Graveyard decks in Legacy are potent, so having free ways to interact with them is crucial. Surgical Extraction might come in handy against decks with only Swords to Plowshares to stop a Marit Lage, but for the most part, the goal is to stop decks like Reanimator from running roughshod over you.
Tips and Tricks
- If you’re playing the mirror, you can use your Thespian’s Stage to copy their Dark Depths and get a Marit Lage.
- Assuming you have the ability to combo in play and are facing down a Wasteland, you can play around this by getting a Wasteland into play and use it on their copy of Wasteland. This will force them to act and you can respond by making a Marit Lage.
- Hiding the ability to Crop Rotation with an Elvish Spirit Guide is extremely potent and will likely win a fair amount of games against unsuspecting opponents.
- Don’t forget that Vampire Hexmage can attack. This isn’t an extremely reliable alternate plan, but getting in early chip shots will put your opponents under some additional (perhaps unexpected) pressure.
Sideboard and Matchup Guide
You can see Tom’s thoughts on sideboarding on his video with Anuraag Das on this website here.
In: 2 Abrupt Decay
You don’t want to overboard too much in this matchup. In general, their best hate cards are Oko and Wasteland, which you’re already well equipped to handle. Submerge has minimal impact against this version of the deck so you have to mostly be concerned with Vapor Snag, but seven discard spells should make that a lot easier. Abrupt Decay clears a Delver as a blocker, answers Oko and kills Dreadhorde Arcanist. With the printing of Oko, this matchup has really changed. There will likely come a time when you have to choose to play around Wasteland or Oko and there really aren’t any tricks about choosing one. Try to put yourself in their position and think about what their decisions mean about their hand.
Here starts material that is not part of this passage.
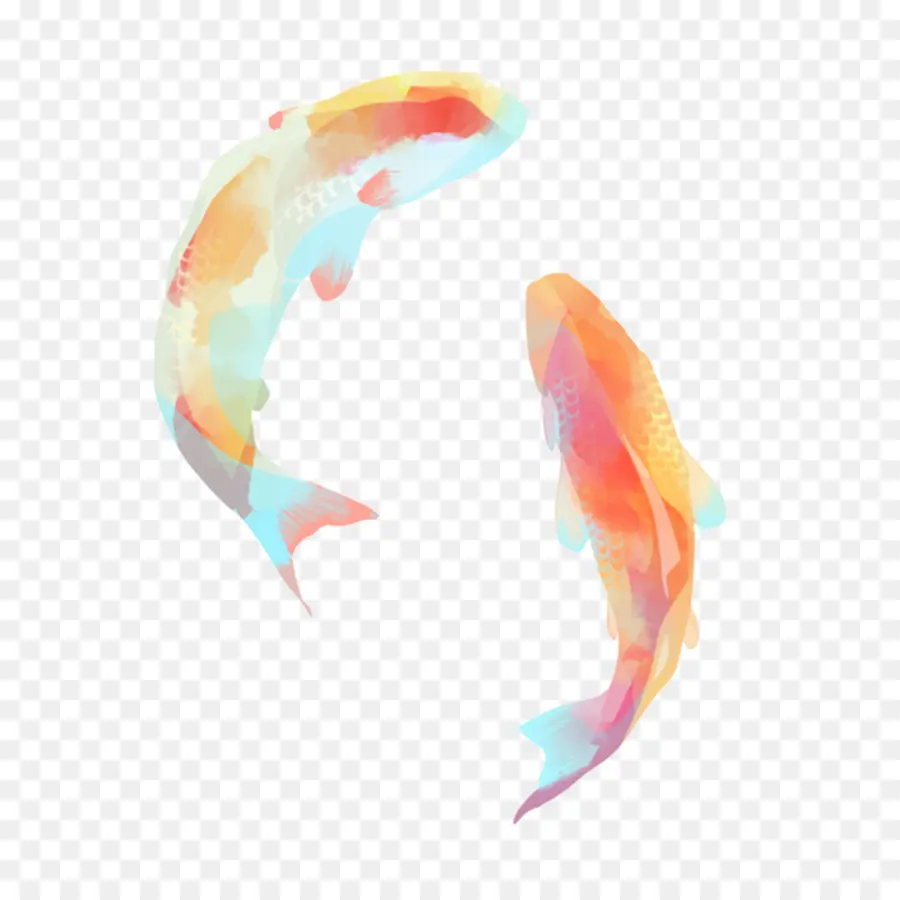 Ikan Koi，Air PNG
It’s very difficult to win the game quickly against Snowko, between Swords to Plowshares, Ice-Fang Coatl and Oko. Sylvan Safekeeper will do a great job locking down their removal and Abrupt Decay both clears the way for an attack and kills cards like Oko. Surgical Extraction is alright, and getting all of their Swords can be important, but I don’t like going all-in on that because it’s a bit narrow. I think this is where Stifle might shine over Pithing Needle, as you don’t have to play a guessing game with regards to what answer they have. Karakas, Oko and Shark Typhoon (to block) will all be stopped by Stifle and you can just hold up mana on a key turn to go off with.
This matchup is relatively straightforward. In general, they’re a bit slower than you but they can set up an early combo kill with Altar of Dementia. Crop Rotation for Bojuka Bog can slow them down if necessary, but otherwise you should be able to kill them before they kill you. Watch out for Assassin’s Trophy post-sideboard, as that can target Dark Depths when you go to combo.
They have a lot of answers for the combo. Between Wasteland, Karakas, Swords to Plowshares and Flickerwisp, it can be difficult to gain ground. I don’t like relying on hand disruption because half of their answers are lands. There’s a lot to play around and a fair amount of situations will leave you able to beat some part of their answers but not all of them, so choose your spot carefully. Sylvan Safekeeper does answer most of what your opponent’s doing, which makes it a very high value card.